/Codeup-Mirzakhani-GitHub-Scrape-NLP-Project

GitHub Scraping group project using Natural Language Processing through the full Data Science Pipeline. We explored the data using insights discovered to feature engineer our dataset allowing us to find the best model accuracy for production. Our final deliverable was a Canva presentation and a working model demonstrated on a single Readme file.

Primary LanguageJupyter Notebook

What Language Is That?!

Project Links

  • Click the buttons below to see the Project Repo and Canva presentation.

GitHub Canva

Meet Group 1

Team Member [LinkedIn] [GitHub]
Justin Evans LinkedIn GitHub
Nadia Paz LinkedIn GitHub
Allante Staten LinkedIn GitHub
Zachary Stufflebeme LinkedIn GitHub

Project Overview:

This team was tasked to build a model that can predict the main programming language of space themed repositories that are either Python, Java, Javascript, or C# using data from the GitHub repository README files.

We will attempt to accomplish this Using Natural Language Processing and following the full Data Science Pipeline We will explore the data and use insights gained to feature engineer our dataset to try and improve our models accuracy We will create and run multiple models on the final manipulations of our data on train and validation sets and find our best/most efficient model. We will than test that model on more outside data and create a function that will take in a readme file text and output the models assignment of the texts main coding language.

Project Goals:

  • Produce a Final GitHub repository containing our work
  • Provide a well-documented jupyter notebook that contains our analysis
  • Display a README file that contains a description of our project and instructions on how to run it with a link to our Google Slide Presentation
  • Present a google slide deck suitable for a general audience which summarizes our findings in exploration and documents the results of our modeling with well-labeled visualizations
  • Produce and demonstrate a function that will take in the text of a README file, and attempt to predict the programming language using our best model.

Reproduction of this Data:

  • Can be accomplished using a local env.py containing github_username, github_token, and host Repository link information for access to the GitHub project Readme file search results that you want to explore. Warning to make the scraping successfull we added pauses 20 sec/per page. This slows down the first run of the program. After the scraping all data is saved locally in the data.json file.

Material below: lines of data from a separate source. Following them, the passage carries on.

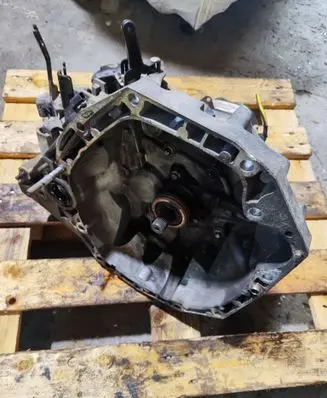 Nissan Note (E12) Manual 5 speed gearbox 320101284R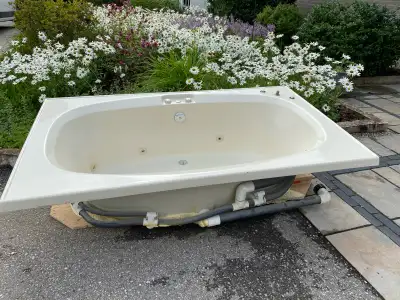 Free, must pick up. Tub from 1992, good condition, working. Ivory/cream colour. No leaks, no cracks,...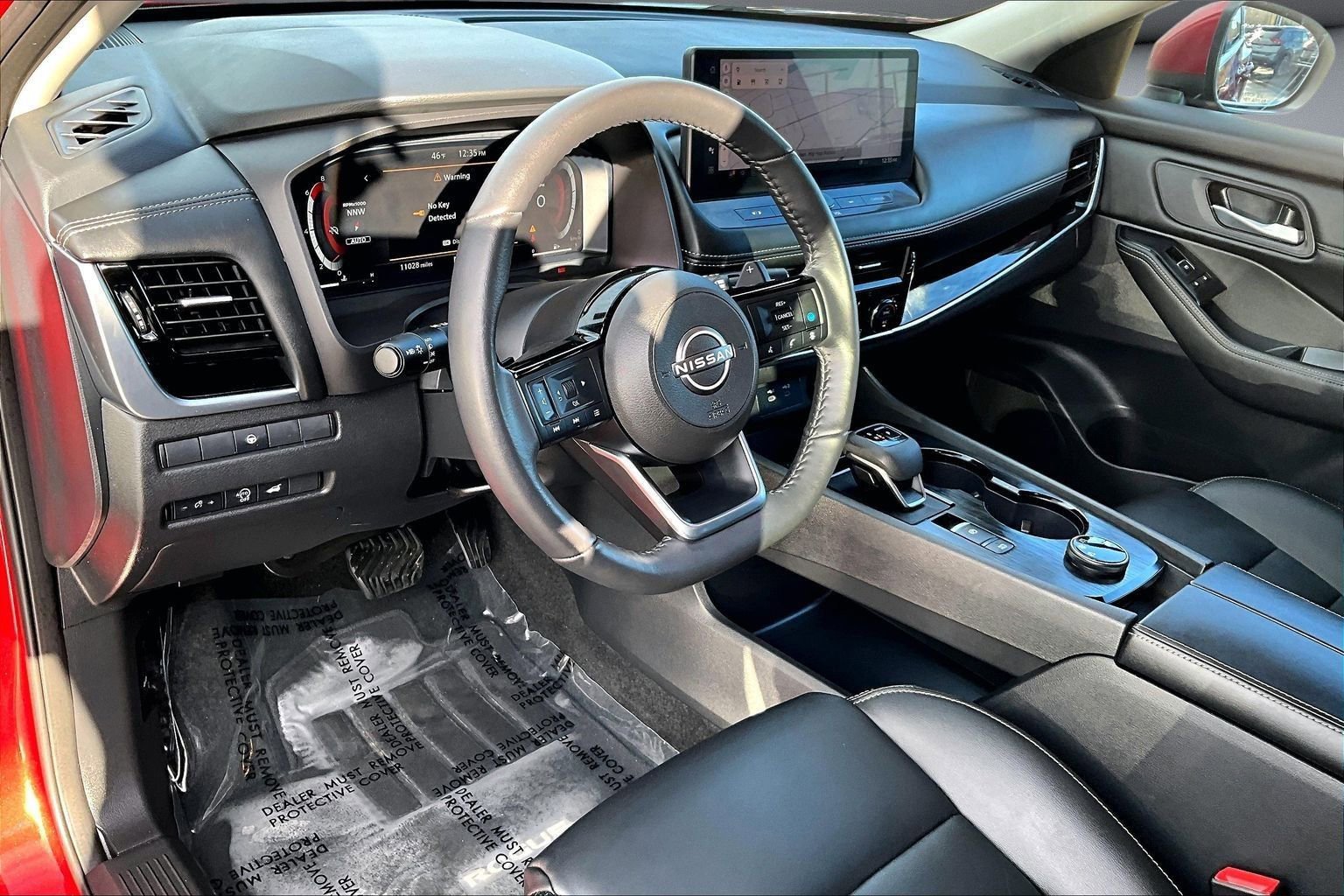 Used 2024 Nissan Rogue SL image 16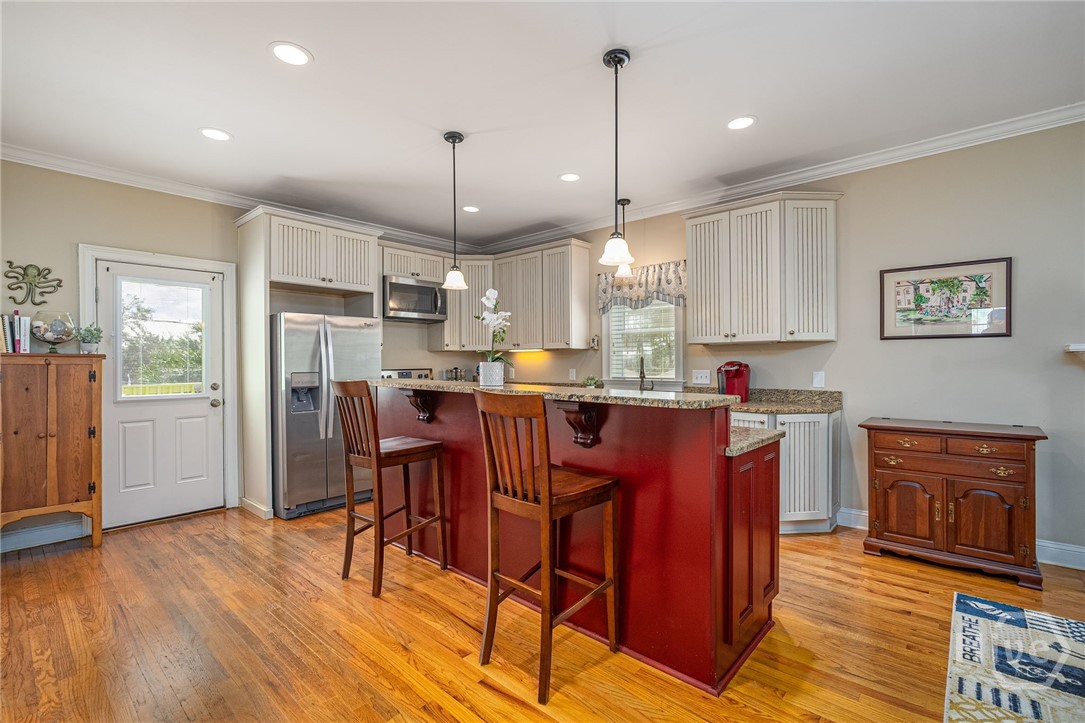 208 Jones Avenue Tybee Island, GA 31328 - Photo 4 of 48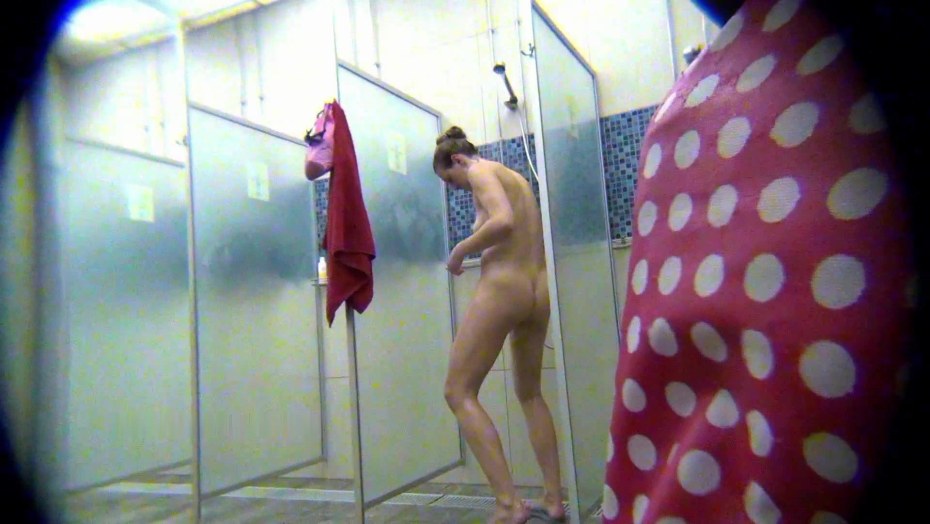 Видеокамера в женской душевой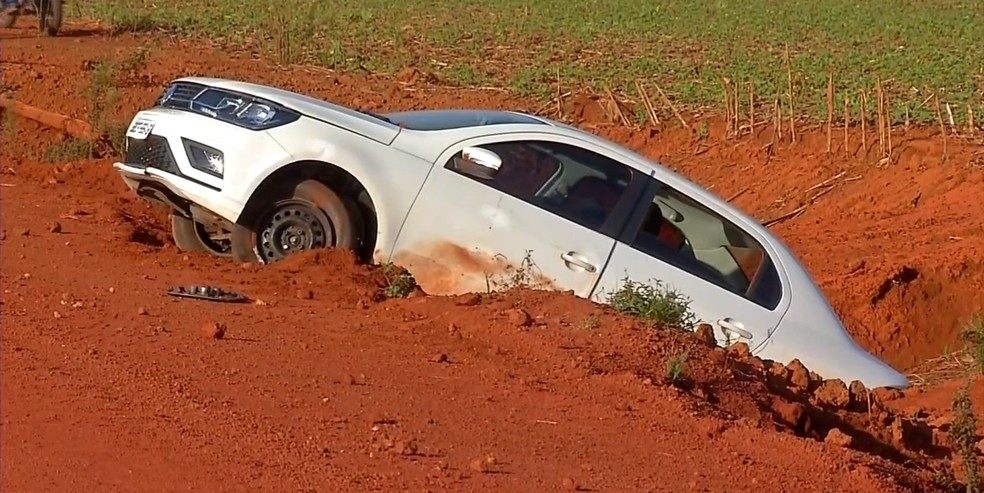 Motorista tentou desviar e perdeu o controle do veculo  Foto: Reproduo/TVCA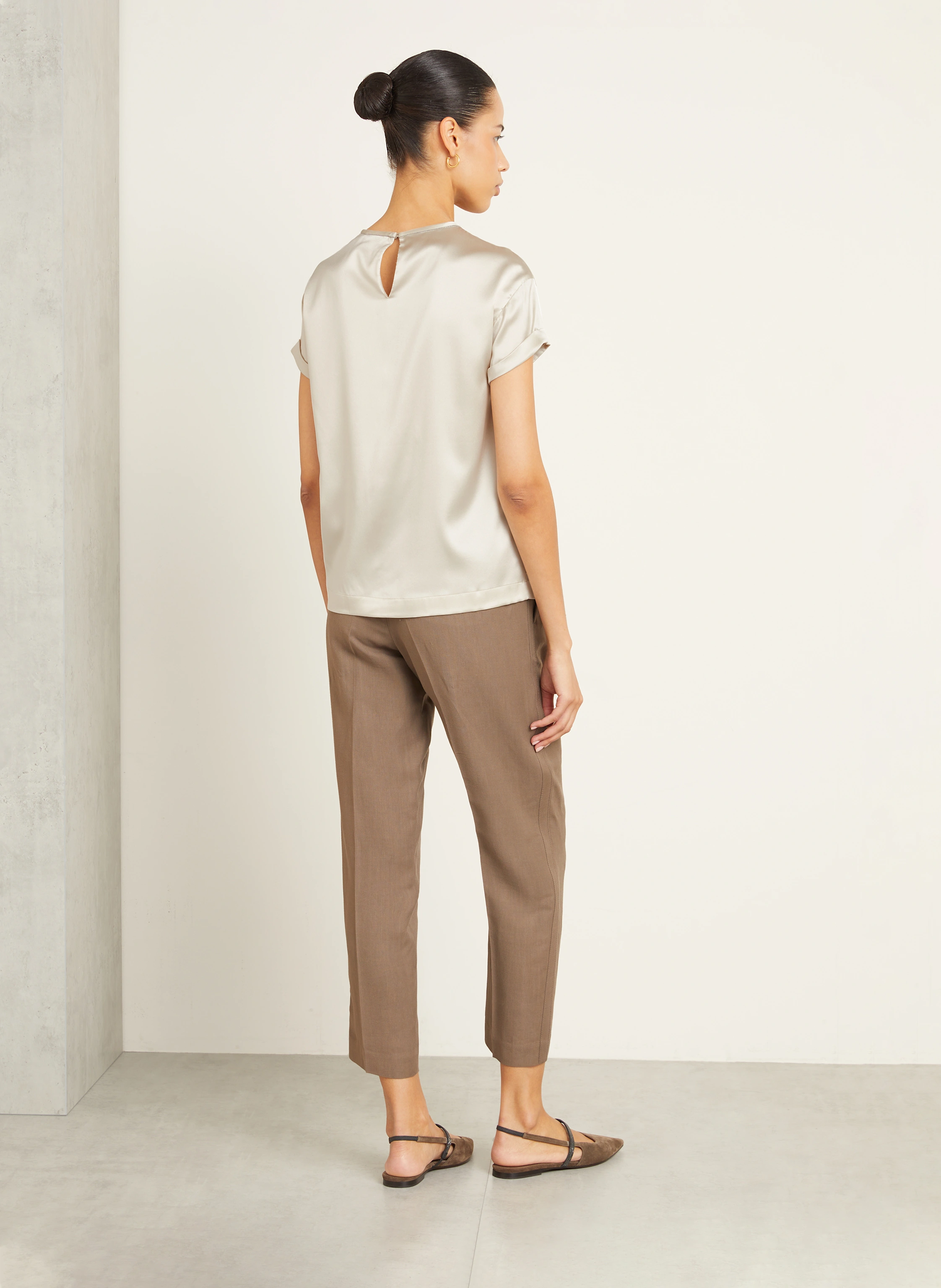 BRUNELLO CUCINELLI Blusenshirt aus Seide mit Schmucksteinen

    • To retrieve a github personal access token:
        1. Go here and generate a personal access token: https://github.com/settings/tokens
          You do not need to select any scopes, i.e. leave all the checkboxes unchecked
        1. Save it in your env.py file under the variable github_token
          Add your github username to your env.py file under the variable github_username
  • Clone the Repository using this code git clone git@github.com:Codeup-Mirzakhani-Group1-NLP-Project/Codeup-Mirzakhani-GitHub-Scrape-NLP-Project.git then run the Final_Report_NLP-Project.ipynb Jupyter Notebook. You will need to ensure the below listed files, at a minimum, are included in the repo in order to be able to run.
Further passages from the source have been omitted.